Relegare il dipendente in uno stato di inoperosita' forzata puo' legittimare il suo rifiuto di rispettare l'orario di lavoro


Nella sentenza n.1693 del 24 gennaio 2013 la Corte di Cassazione si e' occupata delle diverse obbligazioni derivanti da un contratto di lavoro subordinato.

Un dipendente della Telecom Italia S.p.A., dopo  essere  stato privato delle sue mansioni e lasciato in condizioni di forzata inoperosità per circa due anni,  era stato successivamente licenziato in tronco perche' sistematicamente non aveva rispettato l'orario di lavoro.

Il lavoratore, nell'impugnare il recesso,  aveva sostenuto che il suo comportamento doveva considerarsi una  giusta reazione all'inadempimento del datore di lavoro all'obbligo di farlo lavorare.

Tra le cause di illegittimita' del provvedimento espulsivo, veniva altresi' indicata la tardivita' con la quale il licenziamento  era stato intimato.

Il lavoratore aveva inoltre richiesto all'azienda il risarcimento del danno per il demansionamento subito.

Nel primo grado di giudizio, il Tribunale aveva rigettato la domanda di annullamento del licenziamento, mentre aveva riconosciuto il diritto del lavoratore ad un'indennita' risarcitoria  di 26.000,00 euro.

L'illegittimita' del recesso, successivamente, era stata invece riconosciuta dalla Corte di Appello di Roma, che aveva conseguentemente disposto  l'annullamento del licenziamento.

L'azienda aveva quindi proposto ricorso per cassazione, censurando la sentenza della Corte romana per vizi di motivazione e violazione di legge.

La Suprema Corte, nell'affrontare la questione, ha premesso che il rifiuto di un lavoratore di svolgere la propria prestazione, se conforme a buona fede e proporzionato ad un illegittimo comportamento del datore di lavoro, puo' ritenersi giustificato e quindi non  passibile di licenziamento.

A titolo esemplificativo sono stati  ricordati i precedenti conformi a questo indirizzo, come quelli relativi all'adibizione del prestatore di lavoro a mansioni inferiori.

In sostanza, in casi analoghi a quello di specie, il Giudice e' chiamato a procedere ad una valutazione comparativa degli opposti inadempimenti, tenendo conto della loro proporzionalità rispetto alla funzione economico-sociale del contratto e alla loro rispettiva incidenza sulle parti e sugli interessi delle stesse.

A detta della Corte, lo stato di forzata inattività imputabile al datore di lavoro, pur non legittimando il rifiuto del lavoratore di svolgere la propria prestazione, ha contribuito a determinare l'inadempimento di quest'ultimo  e, pertanto, e' risultato idoneo a ridimensionarne la gravità.

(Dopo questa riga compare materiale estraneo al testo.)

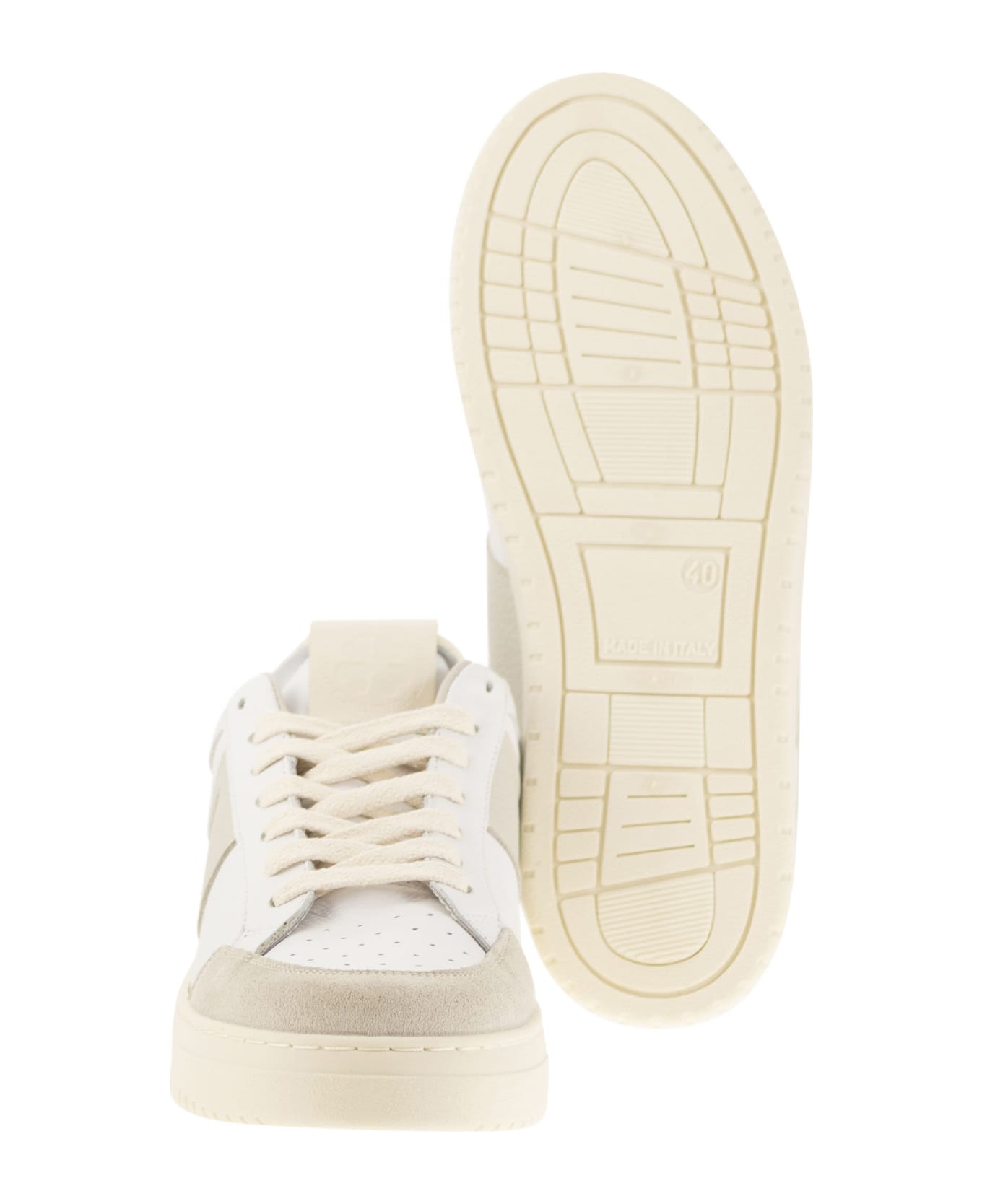Saint Sneakers Sail - Leather And Suede Trainers - White/marble スニーカー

Per quanto attiene alla tardività del licenziamento, la Corte ha invece ricordato le ragioni che impongono  al datore di lavoro  la massima celerita' nel sanzionare l'inadempimento del lavoratore.

Il licenziamento per giusta causa trae il proprio fondamento da una colpa di rilevanza tale da pregiudicare irreparabilmente la fiducia del datore di lavoro nei confronti del lavoratore, requisito indispensabile per una prosecuzione anche solo temporanea della prestazione lavorativa.

L'eccessivo protrarsi del tempo tra la violazione accertata e l'atto di recesso può quindi indicare la mancanza di interesse del datore di lavoro ad esercitare il proprio diritto di licenziare.

La tempestività della contestazione disciplinare e' inoltre richiesta per consentire al dipendente di ricordare al meglio i fatti per poter predisporre una più efficace difesa.

Per la Cassazione, la Corte  territoriale ha correttamente ritenuto che il tempo trascorso fino alla contestazione fosse in contrasto con i principi di correttezza e buona fede nella gestione del rapporto di lavoro.

Le violazioni  del lavoratore costituivano in realta'  più fatti, tutti autonomamente suscettibili di diverse  sanzioni disciplinari, e non un'unica infrazione composta dalla sommatoria di singoli inadempimenti. L'assenza di tempestive contestazioni per  ogni mancanza ha generato una sorta di presunzione che simili condotte costituissero un comportamento tollerato dal datore di lavoro.

Per tutti i motivi sopra indicati la Suprema Corte  ha rigettato il ricorso dell'azienda.